Dans le football moderne, les footballeurs les plus précoces tombent très rapidement dans l’escarcelle des ogres, toujours en quête de sang frais pour garnir les rangs de leur académie. Manu Garcia a très vite quitté son Asturie natale pour rejoindre l’Angleterre et Manchester City. Il a suivi le parcours classique, quelques prêts en Liga, en Ligue 1 et en Eredevisie. Loin d’être le meilleur, Manu a pourtant un truc. Son retour à Gijon, son club formateur, doit lui permettre de s’affirmer comme un bon joueur de football et non comme une éternelle promesse incapable de performer sur le durée. Portrait d’un joueur différent, qui aime le ballon, entre modernité et vieux football.
Son histoire avec le football a débuté avec un contre pied. Manu Garcia, le natif d’Oviedo a très vite rejoint le centre de formation du Sporting Gijon, le rival détesté. Les matchs entre les deux formations donnent lieu à un des derbys les plus bouillants d’Espagne, avec deux Aficions d’une très grande qualité. Cependant, Manu Garcia ne connaîtra pas tout de suite les joies de jouer avec la tunique rouge et blanche des Sportinguistas.
A 15 ans, quand le football commence à parler professionnel, le droitier est déjà courtisé par le Barça et le Real mais comme beaucoup d’Espagnols, Manu rejoint Manchester City. Txiki Begiristain chasse depuis un moment les jeunes ibères. L’Asturien rejoint une structure qui fait de plus en plus confiance aux jeunes mais qui n’a pas franchi ce fameux palier sous Guardiola. Ce départ lui permet de changer de dimension mais le pousse aussi à se réinventer, pour exister. Retour sur la post-formation d’un joueur qui a l’habitude de sortir de sa zone de confort mais pour qui le football doit être avant tout un plaisir.

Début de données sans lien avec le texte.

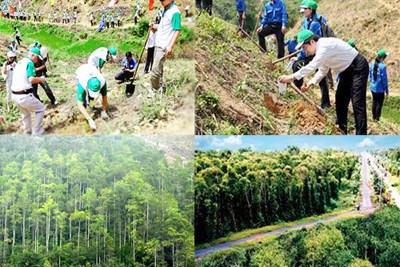 Chính phủ: Hỗ trợ ngân sách nhà nước trong đầu tư bảo vệ và phát triển rừng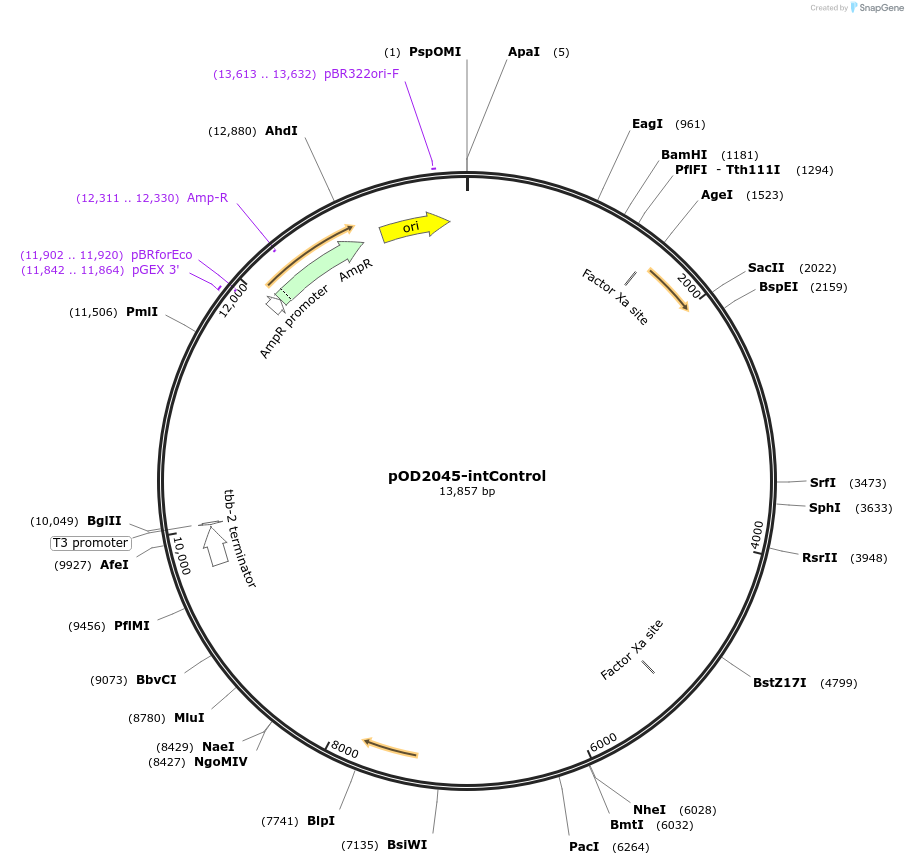 100005-plasmid-map-sequence-id-193781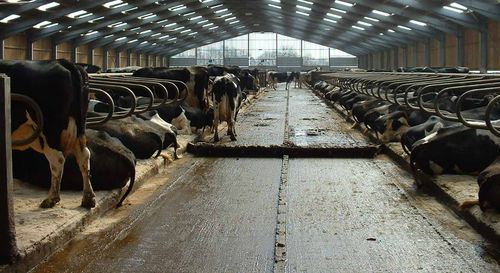 Цепной отвал для навоза - Dairymaster - прямой / автоматический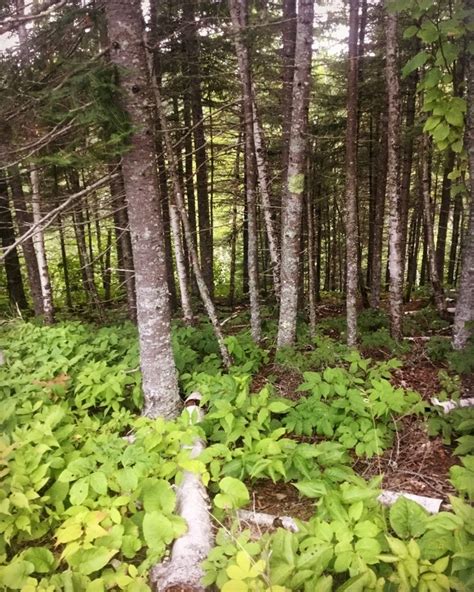 naturestwistedfree OnlyFans Leaks 2025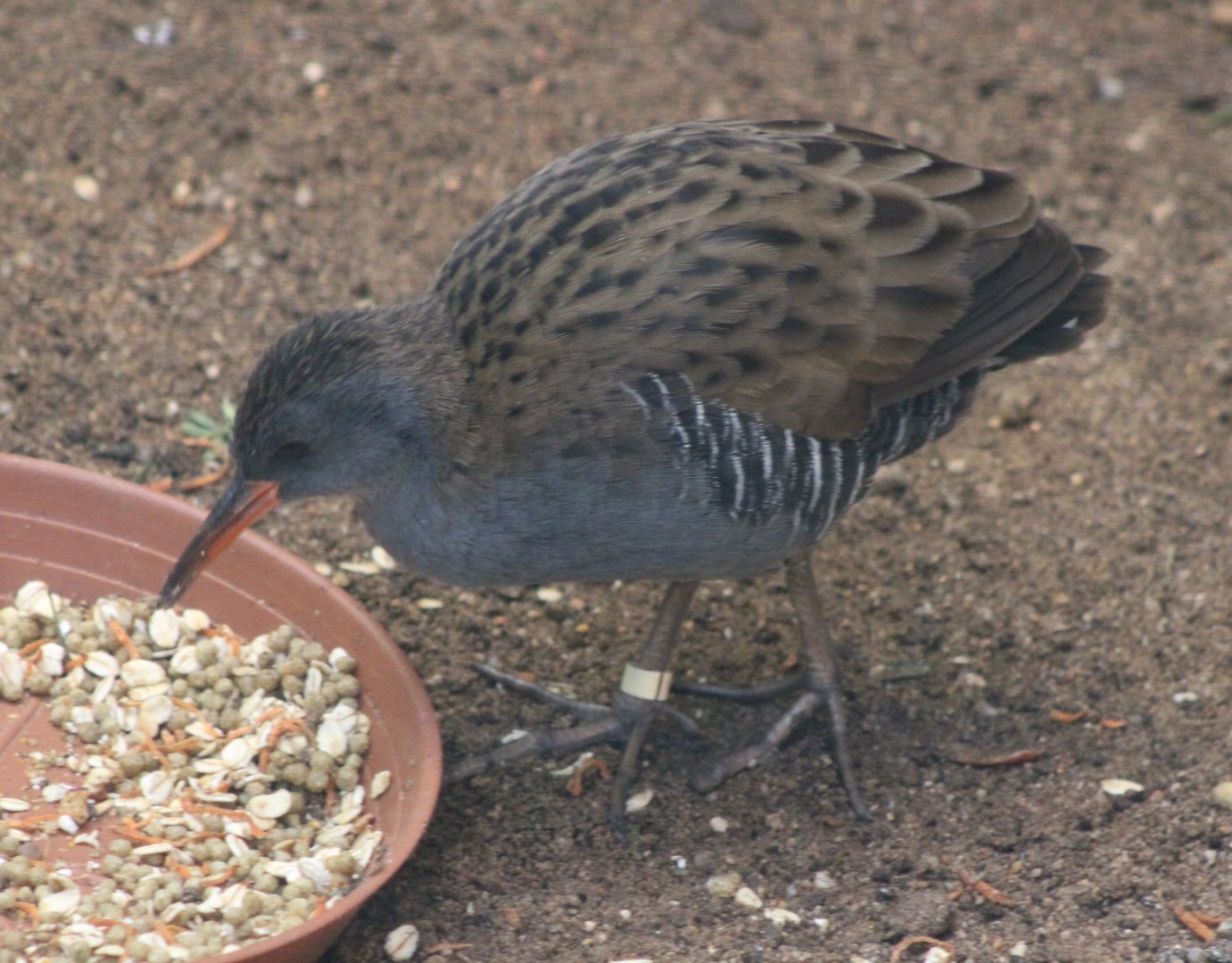 Western water rail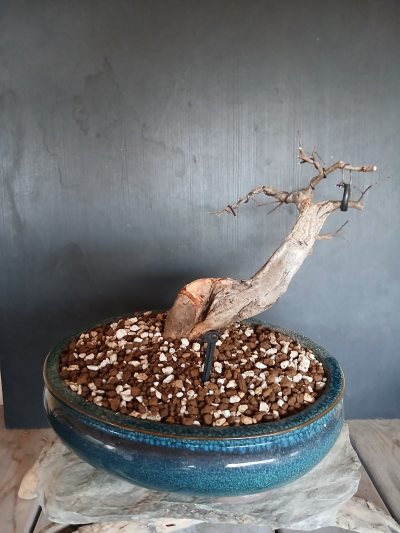 Le couché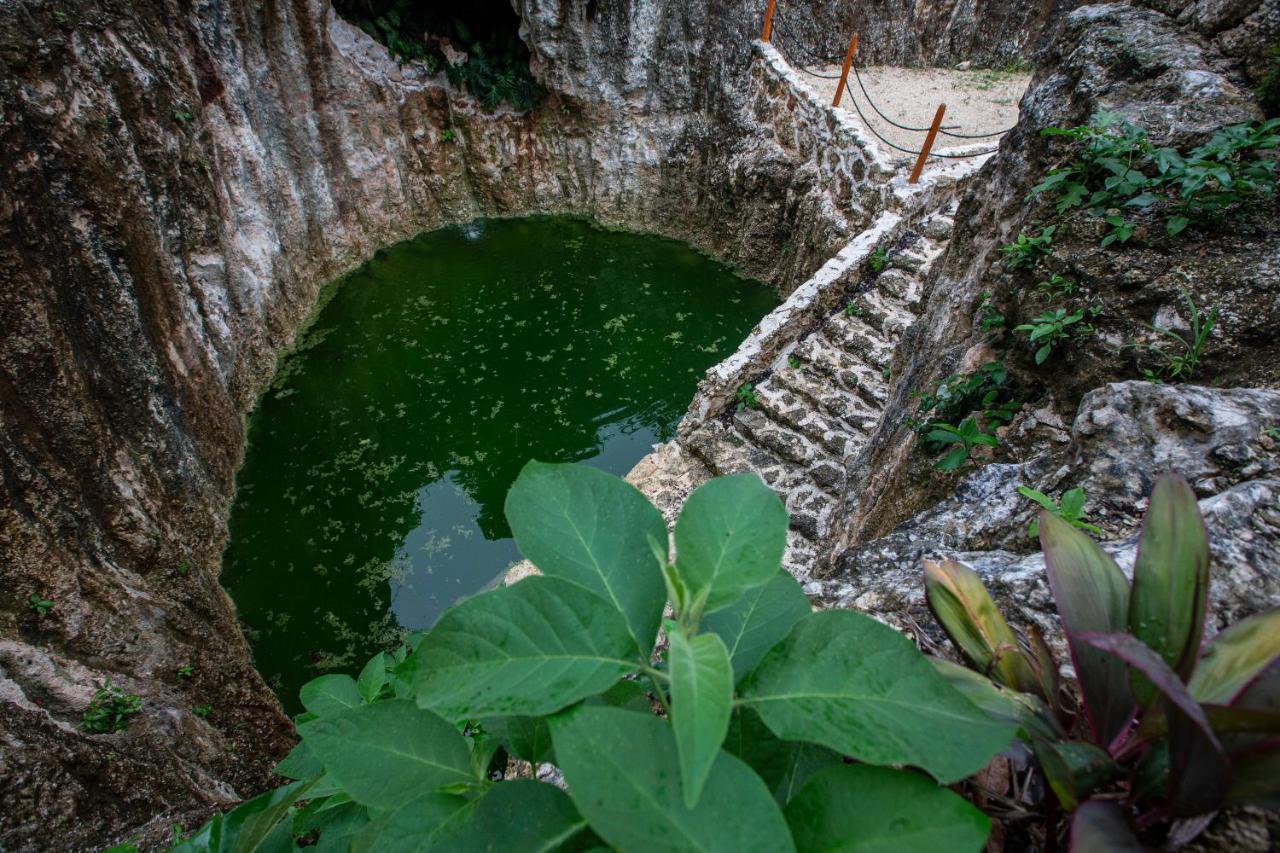 Hotel Jolie Jungle Eco - Ruta De Cenotes 3*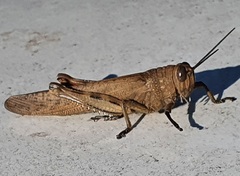 Anacridium aegyptium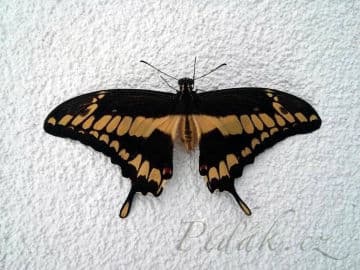 4. obrázek Motýlí dům - Karlovy Vary 4. obrázek Motýlí dům - Karlovy Vary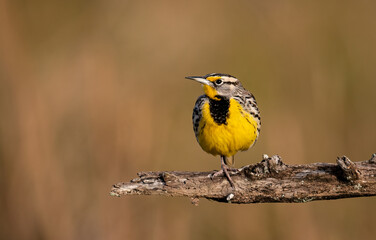 Fototapeta premium A meadowlark in Florida 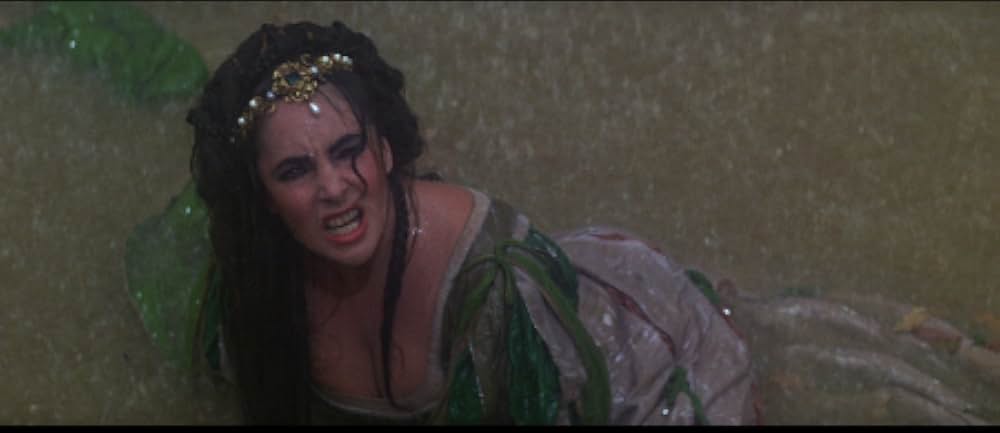 じゃじゃ馬ならしの画像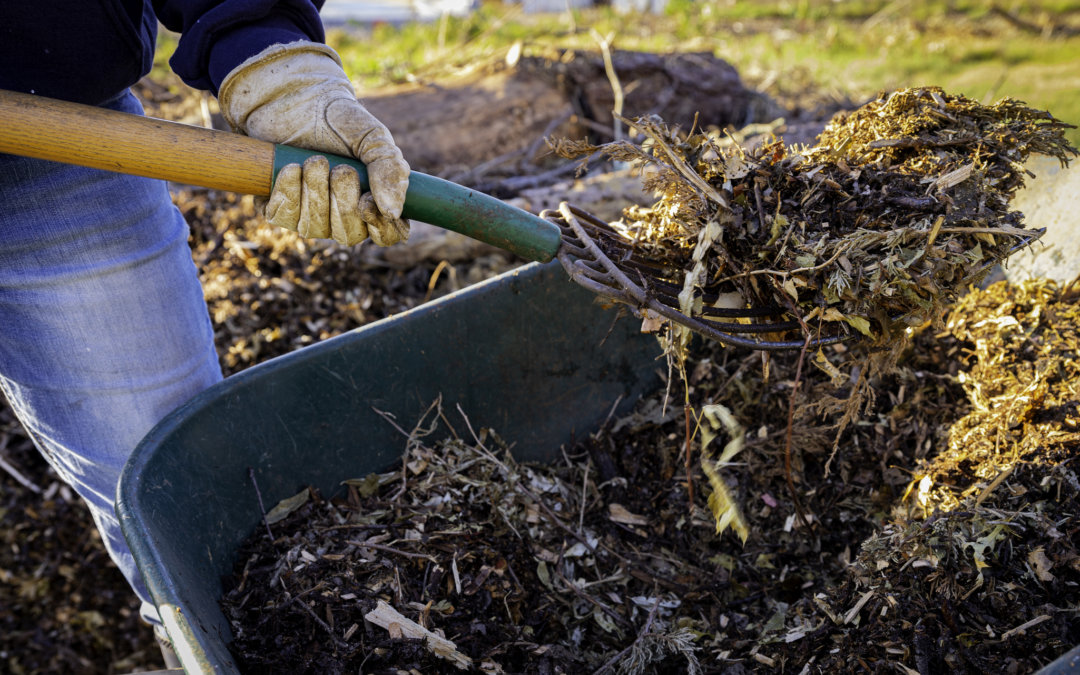 The Dos and Don’ts of Mulch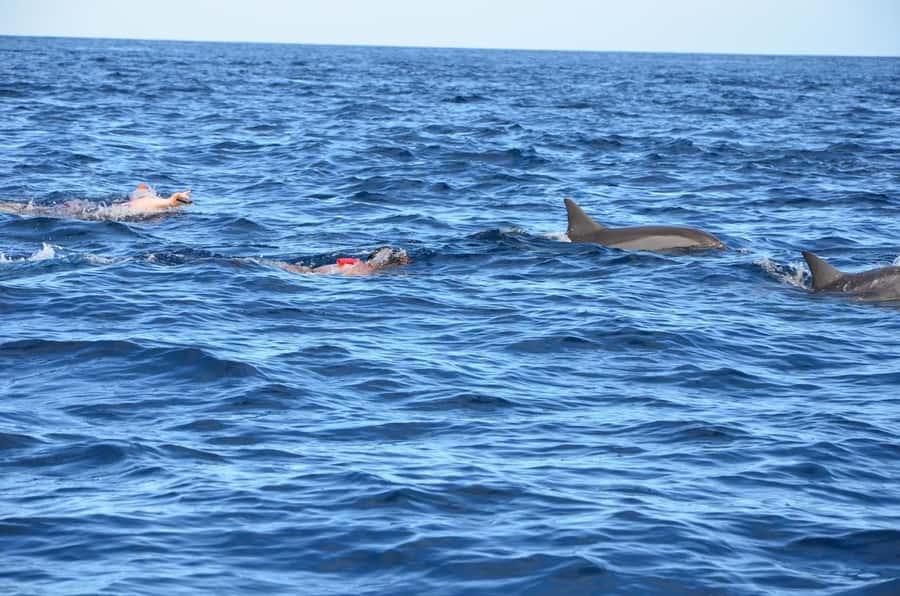 Dolphins & Whales, Private Tour Snorkeling - Timing, packing, and comfort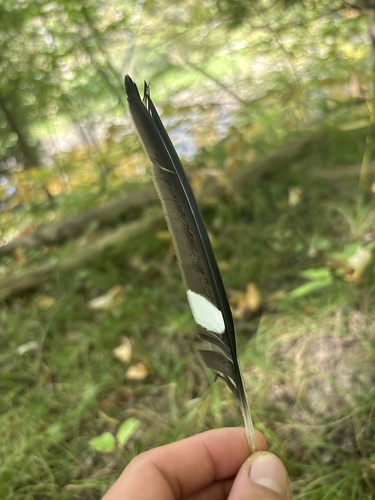 Plume de Engoulevent d'Amérique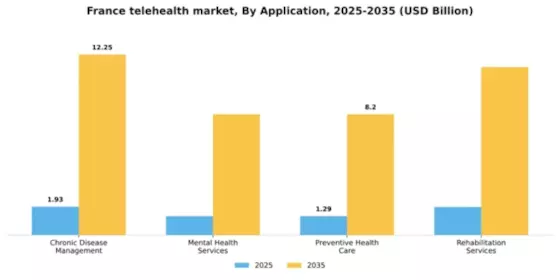 France Telehealth Market Segment Image 0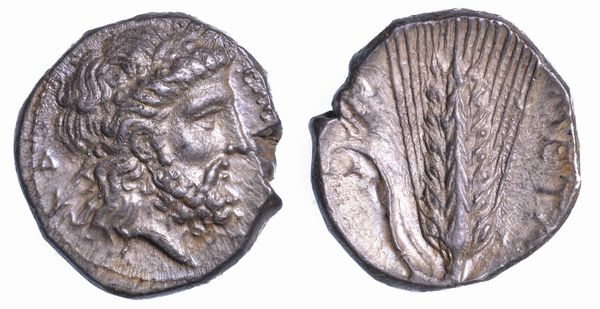 LUCANIA - METAPONTO. Nomos, anni 340-330 a.C.  - Asta Numismatica - Associazione Nazionale - Case d'Asta italiane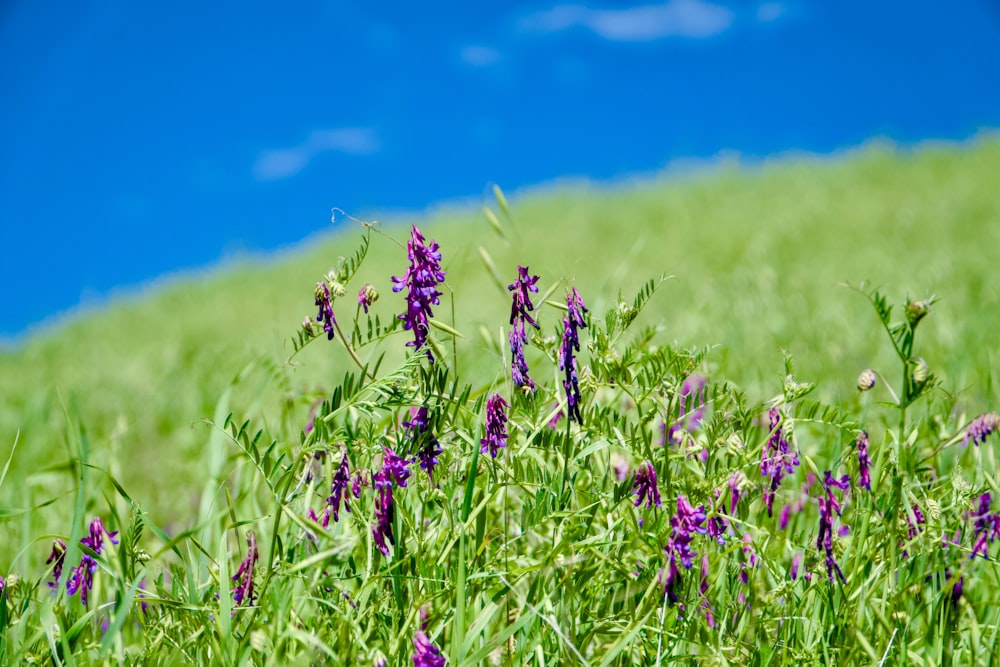 a field of purple flowers with a blue sky in the background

Du nord de l’Angleterre à Toulouse, le grand écart pour devenir un joueur complet
Manu Garcia rejoint donc Manchester City à 15 ans en 2013. Il évolue avec les jeunes du club, comme beaucoup. L’académie des Citizen ressemblent à un érasmus géant, des anglais côtoient des joueurs venant des quatre coins du globe tout en pouvant de temps en temps faire des séances avec les pro. En 2013 Patrick Viera rejoint aussi les U21 des Skyblues. Peu de temps après son arrivée, il fait grimper Manu dans cette catégorie d’âge. David Silva a des mots sympathique pour son jeune coéquipier espagnol :
« Manu est un gars que j’aime beaucoup. Son attitude ressemble à celle que j’avais quand j’avais son âge. En dehors de cela, en termes de capacité au football, il a de très bonnes compétences. Il est très jeune et je suis sûr qu’il y a beaucoup de bonnes choses à venir pour lui »
L’Espagnol est facile, milieu offensif doté d’une vista mais aussi d’une qualité technique au dessus de la moyenne, il adore être dans le trafic pour distiller dribbles ou ouvertures malicieuses pour ses coéquipiers. Sa progression est linéaire, deux ans après son arrivée en Angleterre, Manuel Pellegrini qui avait testé plusieurs fois le droitier à l’entrainement lui accorde ses premières minutes avec les grands. Manu Garcia remplace David Silva lors du match face à Toronto fin mai. Les deux ont une relation particulière tant l’Asturien ressemble énormément au Canarien dans le jeu.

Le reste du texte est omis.